Wenn ich in jüngerer Vergangenheit in einem bekannten Selbstbaumagazin, aber auch den lobhudelnden Hifi-Magazinen, lese, dass sinngemäss eine saubere tonale Abstimmung nicht so wichtig sei und man bloss die Chassis nicht so doll beschalten soll, damit der Funfaktor nicht so kurz kommt; muss ich nach den Erfahrungen mit der Tafal schmunzeln. Naja, manchmal ärgere ich mich auch darüber, wie Fachleute, die es sicher besser wissen (müssten), den messtechnisch unterlegen ausgestatteten und meist weniger hörerfahrenen Leser für dumm verkaufen.

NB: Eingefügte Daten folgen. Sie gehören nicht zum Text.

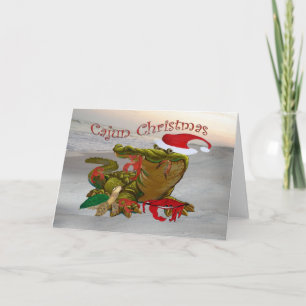 Cartão De Festividades Papais noeis de Natal Cajun Gator cumprimentando c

Hier ein wenig überzogener Hochbass, Präsenzsenken im Übergangsbereich der Chassis, die zudem höchst unterschiedliche Abstrahlverhalten aufweisen, welliger Verlauf in den Mitten und schön heftig überzogene Brillianzen für die nötige Frische. Hauptsache es hat einen hohen Wirkungsgrad und mit dynamikkomprimierter Radiomusik rummst es im Karton. Mit Hifi hat das alles nicht mehr viel zu tun. War nicht eigentlich die hohe Klangtreue in grauer Vorzeit einmal das Ziel der Audiophilen?

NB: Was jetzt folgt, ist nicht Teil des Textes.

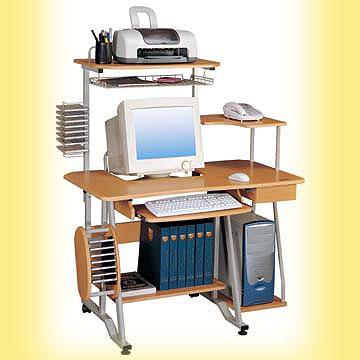 Durable Computer Desk with Multiple Shelves for Printer and CPU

Wer, wie ich, auch einmal akustisch eingespielte Musik länger als wenige Minuten schmerzfrei geniessen möchte, der sollte unbedingt weiterlesen. Tonfeile bedient mit der Tafal ein Entwicklungsziel, dass bei all den Spass-DIY-Projekten und Hifi-Lautsprechern mit ihrem markenspezifischen Corporate-Identity-Sound fast ausnahmslos auf der Strecke geblieben ist: Eine möglichst unverfälschte und homogene Wiedergabe.
Bild 1: Hochpass ohne Entzerrung der Membranresonanz. Im Falle eines nicht modifizierten Seas TAF 27 Plus benötigt man einen Saugkreis (gestrichelter Kasten). Für den empfehlenswerten Fall der Modifikation "Entfernen des Diffusors" kann dieser Saugkreis entfallen.
Bild 2: Hochpass mit Entzerrung der Membranresonanz bei ca. 26 kHz. Achtung - hier bereits ohne den Saugkreis für den Diffusor abgebildet.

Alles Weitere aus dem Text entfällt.